■ **About this task**:
Among the entries, which lines carry the string "Umsatzrealisierung"? Copy each of them.

■ **Available records**:

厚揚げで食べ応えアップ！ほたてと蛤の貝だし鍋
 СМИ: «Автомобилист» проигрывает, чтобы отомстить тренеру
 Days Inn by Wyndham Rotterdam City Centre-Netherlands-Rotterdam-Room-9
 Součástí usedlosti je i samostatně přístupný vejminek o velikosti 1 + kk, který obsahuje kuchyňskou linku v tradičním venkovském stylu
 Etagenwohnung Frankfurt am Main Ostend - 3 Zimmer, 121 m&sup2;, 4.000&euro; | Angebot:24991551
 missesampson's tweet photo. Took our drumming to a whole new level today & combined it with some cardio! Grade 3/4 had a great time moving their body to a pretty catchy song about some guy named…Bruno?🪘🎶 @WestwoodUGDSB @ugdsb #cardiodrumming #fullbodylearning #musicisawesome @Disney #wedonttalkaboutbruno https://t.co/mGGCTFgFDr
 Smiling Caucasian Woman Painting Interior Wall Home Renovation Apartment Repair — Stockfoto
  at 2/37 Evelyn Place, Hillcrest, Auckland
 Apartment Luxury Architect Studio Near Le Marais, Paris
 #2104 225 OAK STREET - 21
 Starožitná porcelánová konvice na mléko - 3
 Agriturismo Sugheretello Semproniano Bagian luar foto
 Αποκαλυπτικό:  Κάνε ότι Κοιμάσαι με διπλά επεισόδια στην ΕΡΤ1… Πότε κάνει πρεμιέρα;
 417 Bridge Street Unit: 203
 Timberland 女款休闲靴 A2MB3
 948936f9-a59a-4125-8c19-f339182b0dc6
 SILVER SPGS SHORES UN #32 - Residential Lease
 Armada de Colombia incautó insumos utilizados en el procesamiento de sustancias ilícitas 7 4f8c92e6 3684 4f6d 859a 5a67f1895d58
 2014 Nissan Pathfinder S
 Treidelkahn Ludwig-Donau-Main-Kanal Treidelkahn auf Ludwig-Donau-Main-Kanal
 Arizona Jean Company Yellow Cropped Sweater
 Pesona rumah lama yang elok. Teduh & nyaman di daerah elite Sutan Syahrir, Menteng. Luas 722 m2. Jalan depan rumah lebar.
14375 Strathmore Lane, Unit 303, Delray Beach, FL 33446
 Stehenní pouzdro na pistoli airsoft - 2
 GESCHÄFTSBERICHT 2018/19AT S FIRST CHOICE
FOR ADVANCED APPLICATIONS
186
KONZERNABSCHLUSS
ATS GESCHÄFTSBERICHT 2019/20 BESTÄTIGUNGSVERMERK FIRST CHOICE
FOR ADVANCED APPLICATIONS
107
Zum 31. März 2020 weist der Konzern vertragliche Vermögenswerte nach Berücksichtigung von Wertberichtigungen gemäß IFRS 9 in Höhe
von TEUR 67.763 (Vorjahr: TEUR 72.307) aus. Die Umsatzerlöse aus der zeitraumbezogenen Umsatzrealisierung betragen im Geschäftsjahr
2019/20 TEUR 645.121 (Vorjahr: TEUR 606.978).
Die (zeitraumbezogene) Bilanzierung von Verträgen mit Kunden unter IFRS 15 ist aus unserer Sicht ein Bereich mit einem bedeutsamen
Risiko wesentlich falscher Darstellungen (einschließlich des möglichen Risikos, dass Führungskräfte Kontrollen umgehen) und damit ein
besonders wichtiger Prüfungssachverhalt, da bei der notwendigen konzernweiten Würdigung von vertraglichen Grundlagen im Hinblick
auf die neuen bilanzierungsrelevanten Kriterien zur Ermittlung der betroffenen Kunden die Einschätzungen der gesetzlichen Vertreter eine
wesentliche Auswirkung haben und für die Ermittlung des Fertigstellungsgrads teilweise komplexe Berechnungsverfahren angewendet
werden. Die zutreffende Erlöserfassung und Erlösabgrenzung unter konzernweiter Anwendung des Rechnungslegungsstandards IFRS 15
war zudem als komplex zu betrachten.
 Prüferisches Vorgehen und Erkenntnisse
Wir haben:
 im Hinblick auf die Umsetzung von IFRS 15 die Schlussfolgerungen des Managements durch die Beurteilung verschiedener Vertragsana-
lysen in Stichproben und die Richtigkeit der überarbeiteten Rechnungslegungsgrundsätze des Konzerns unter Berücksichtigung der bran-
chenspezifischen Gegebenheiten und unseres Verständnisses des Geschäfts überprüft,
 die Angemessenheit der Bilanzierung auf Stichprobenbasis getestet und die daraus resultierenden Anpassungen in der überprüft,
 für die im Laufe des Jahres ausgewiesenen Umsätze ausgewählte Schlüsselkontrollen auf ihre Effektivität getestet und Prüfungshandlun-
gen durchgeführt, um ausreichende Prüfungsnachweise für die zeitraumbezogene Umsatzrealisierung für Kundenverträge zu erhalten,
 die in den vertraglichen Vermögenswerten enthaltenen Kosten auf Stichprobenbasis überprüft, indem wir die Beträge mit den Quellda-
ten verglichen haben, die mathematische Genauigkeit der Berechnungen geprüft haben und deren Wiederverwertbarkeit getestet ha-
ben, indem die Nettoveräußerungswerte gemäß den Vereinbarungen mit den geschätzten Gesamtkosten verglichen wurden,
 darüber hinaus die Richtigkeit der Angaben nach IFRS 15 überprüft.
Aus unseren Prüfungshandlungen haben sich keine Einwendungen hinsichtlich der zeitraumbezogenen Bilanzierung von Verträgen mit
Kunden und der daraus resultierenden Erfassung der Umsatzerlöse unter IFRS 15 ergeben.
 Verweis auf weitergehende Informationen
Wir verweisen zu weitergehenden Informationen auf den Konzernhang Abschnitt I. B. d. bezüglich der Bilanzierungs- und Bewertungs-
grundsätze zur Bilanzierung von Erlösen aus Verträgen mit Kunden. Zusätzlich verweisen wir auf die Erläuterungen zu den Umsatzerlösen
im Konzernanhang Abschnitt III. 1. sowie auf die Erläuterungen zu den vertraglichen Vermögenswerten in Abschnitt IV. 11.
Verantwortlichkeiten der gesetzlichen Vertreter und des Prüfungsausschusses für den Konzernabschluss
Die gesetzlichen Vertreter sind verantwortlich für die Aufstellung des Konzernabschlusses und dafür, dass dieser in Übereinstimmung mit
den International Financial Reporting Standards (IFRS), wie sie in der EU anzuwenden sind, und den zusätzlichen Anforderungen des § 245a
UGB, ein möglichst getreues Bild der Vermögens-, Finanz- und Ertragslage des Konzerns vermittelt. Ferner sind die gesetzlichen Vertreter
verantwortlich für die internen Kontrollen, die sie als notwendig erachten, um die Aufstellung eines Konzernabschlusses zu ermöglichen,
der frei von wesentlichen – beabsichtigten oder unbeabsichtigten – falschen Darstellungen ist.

■ **Expected answer**:
von TEUR 67.763 (Vorjahr: TEUR 72.307) aus. Die Umsatzerlöse aus der zeitraumbezogenen Umsatzrealisierung betragen im Geschäftsjahr
gen durchgeführt, um ausreichende Prüfungsnachweise für die zeitraumbezogene Umsatzrealisierung für Kundenverträge zu erhalten,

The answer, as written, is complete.